Бонч-Бруевич, который во время расправы на могилевском вокзале пил чай с генералом Гутором в губернаторском дворце, невозмутимо наблюдая за событиями, принял доклад об исполнении лично у Крыленко: «Духонин убит! Правительство народных комиссаров предлагает вам вступить в должность начальника штаба Ставки. Согласны?»
[3306]
10. Сдержанное удовлетворение в большой ставке
На следующий день после переворота, 26 октября (8 ноября) 1917 г., оставшийся «обрубок» съезда Советов аккламацией принял три «декрета», подготовленные ночью Лениным: «Декрет о мире», «Декрет о земле» и декрет о назначении нового правительства, которое получило наименование «Совет народных комиссаров» и должно было действовать как временное до созыва Учредительного собрания. С крайним нетерпением ожидаемый немецким партнером Ленина «Декрет о мире» «созданного революцией 24–25 октября и опирающегося на Советы рабочих, солдатских и крестьянских депутатов» «рабочего и крестьянского правительства», принятый II Всероссийским съездом Советов, предлагал «всем воюющим народам и их правительствам начать немедленно переговоры о справедливом демократическом мире»
[3307]. Название «декрет»
[3308] для данного документа юрист Ленин, несомненно, выбрал специально, хотя эта декларация нового правительства представляла собой в первую очередь внешнеполитическое изъявление его воли к немедленному заключению мира и, как таковое, не заслуживала названия «декрета», т. е. законодательного распоряжения государственной власти, действительного на территории ее собственного суверенитета. Но Ленин этим указом одновременно создал острый меч для ее внутриполитического навязывания, позволявший сломить любое сопротивление заключению мира с драконовской суровостью. По своей форме декрет означал вступление на путь, оговоренный в Берлине, Стокгольме и при последующих тайных сношениях с германским ВК: под «приманкой»

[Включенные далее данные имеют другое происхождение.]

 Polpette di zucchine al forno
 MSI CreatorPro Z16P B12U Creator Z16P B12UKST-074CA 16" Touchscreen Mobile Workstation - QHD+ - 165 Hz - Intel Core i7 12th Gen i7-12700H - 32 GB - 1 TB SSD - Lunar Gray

[3309] предложения всеобщего мира всем воюющим государствам он открывал правительствам центральных держав возможность «впредь до окончательного утверждения всех условий такого мира полномочными собраниями народных представителей» «сделать без малейшей оттяжки тотчас же все решительные шаги» к заключению вожделенного перемирия как первой ступени к сепаратному миру. По содержанию Ленин вернулся к циммервальдскому требованию мира без аннексий и контрибуций, которое в текущий момент, по его расчетам, встретило бы наибольшее одобрение среди масс солдат, крестьян и трудящихся. (Параллельно в «Декрете о земле» он позаимствовал недавно обнародованную аграрную программу эсеров, обладавшую наиболее притягательной силой для крестьян, которые составляли четыре пятых населения России!) Однако, оставляя себе свободу маневра перед лицом такого же требования в устах идейных противников, он подчеркнул в «Декрете о мире», что российское правительство «отнюдь не считает» циммервальдские условия мира «ультимативными» и «соглашается рассмотреть и всякие другие условия мира».